Revolutionary Fabric Developed at UMD Reacts to Environmental Conditions

By Kimbra Cutlip

Fabric

Photo by Faye Levine

A revolutionary fabric created at UMD reacts to environmental conditions to either trap heat or release it.

Despite decades of innovation to develop high-tech fabrics able to keep marathon runners cool or alpine hikers warm, there has never been a material that changes its insulating properties in response to the environment—until now.

University of Maryland researchers have created the first fabric that can automatically regulate heat exchange with the environment. When conditions are warm and moist—next to a sweaty body, for instance—the fabric allows infrared radiation (i.e, heat) to get out.

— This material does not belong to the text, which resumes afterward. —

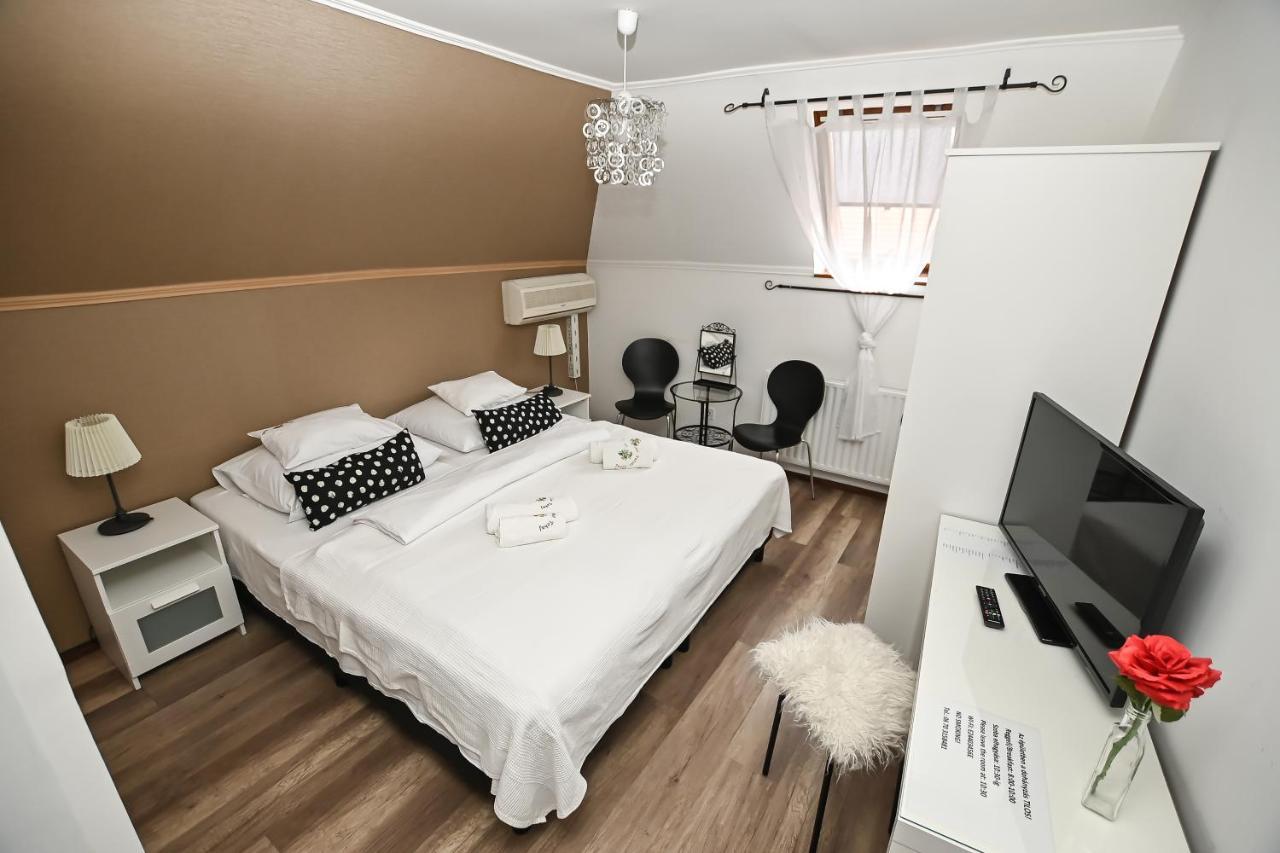 Bed and Breakfast Vasko Panzio Borpince Tokaj Exterior foto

When conditions become cooler and drier, the fabric blocks heat from escaping. The development was reported in today’s issue of the journal Science.

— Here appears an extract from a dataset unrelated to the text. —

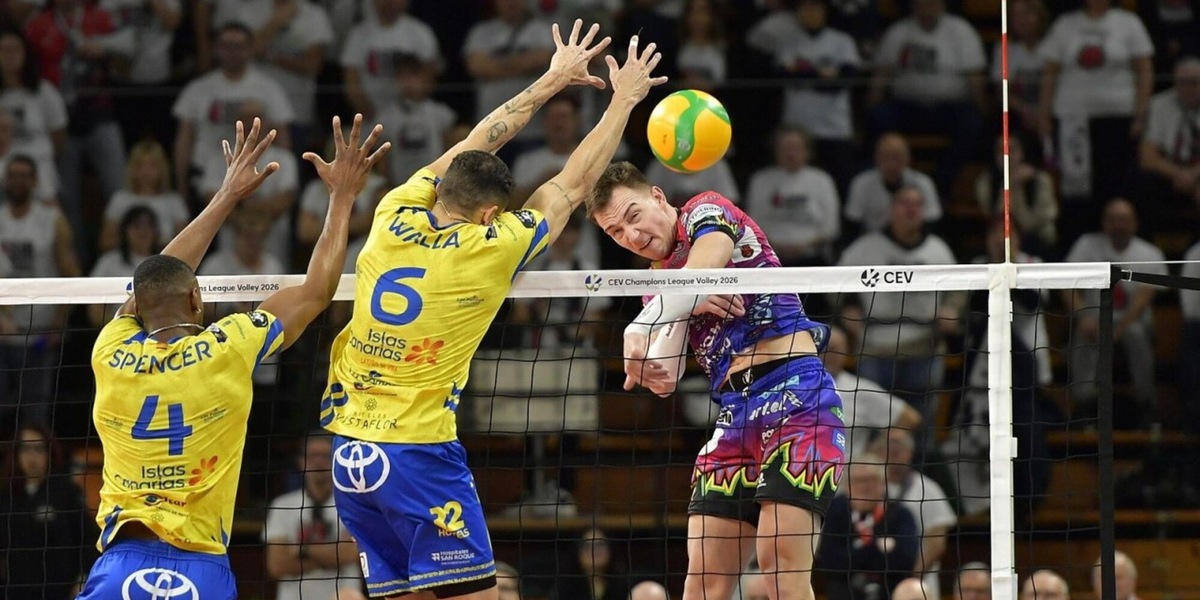 Champions League: Perugia-Las Palmas si giocano la Final Four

The researchers created the fabric from specially engineered yarn coated with a conductive metal. Under hot, humid conditions, the strands of yarn compact and activate the coating, while cool, dry conditions reverse the action. The researchers refer to this as “gating”—essentially a tunable blind that transmits or blocks heat.

“This is the first technology that allows us to dynamically gate infrared radiation,” said YuHuang Wang, a professor of chemistry and biochemistry and one of the paper’s corresponding authors who directed the studies.

The base yarn for this new textile is created with fibers made of two different synthetic materials—one absorbs water and the other repels it. The strands are coated with carbon nanotubes, a special class of lightweight, carbon-based, conductive metal.

Because materials in the fibers both resist and absorb water, the fibers warp when exposed to humidity such as that surrounding a sweating body. That distortion brings the strands of yarn closer together, opening the pores in the fabric and creating a minor cooling effect by allowing heat to escape. More importantly, it modifies the electromagnetic coupling between the carbon nanotubes in the coating.

“You can think of this coupling effect like the bending of a radio antenna to change the wavelength or frequency it resonates with,” Wang said. “Imagine bringing two antennae close together to regulate the kind of electromagnetic wave they pick up. When the fabric fibers are brought closer together, the radiation they interact with changes. In clothing, that means the fabric interacts with the heat radiating from the human body.”

Depending on the tuning, the fabric either blocks infrared radiation or allows it to pass through. The reaction is almost instant, so before people realize it, the dynamic gating mechanism is either cooling them down or working in reverse to trap heat.
 
“The human body is a perfect radiator. It gives off heat quickly,” said Min Ouyang, a professor of physics at UMD and the paper’s other corresponding author. “For all of history, the only way to regulate the radiator has been to take clothes off or put clothes on. But this fabric is a true bidirectional regulator.”

More work is needed before the fabric can be commercialized, but according to the researchers, materials used for the base fiber are readily available and the carbon coating can be easily added during the standard dyeing process.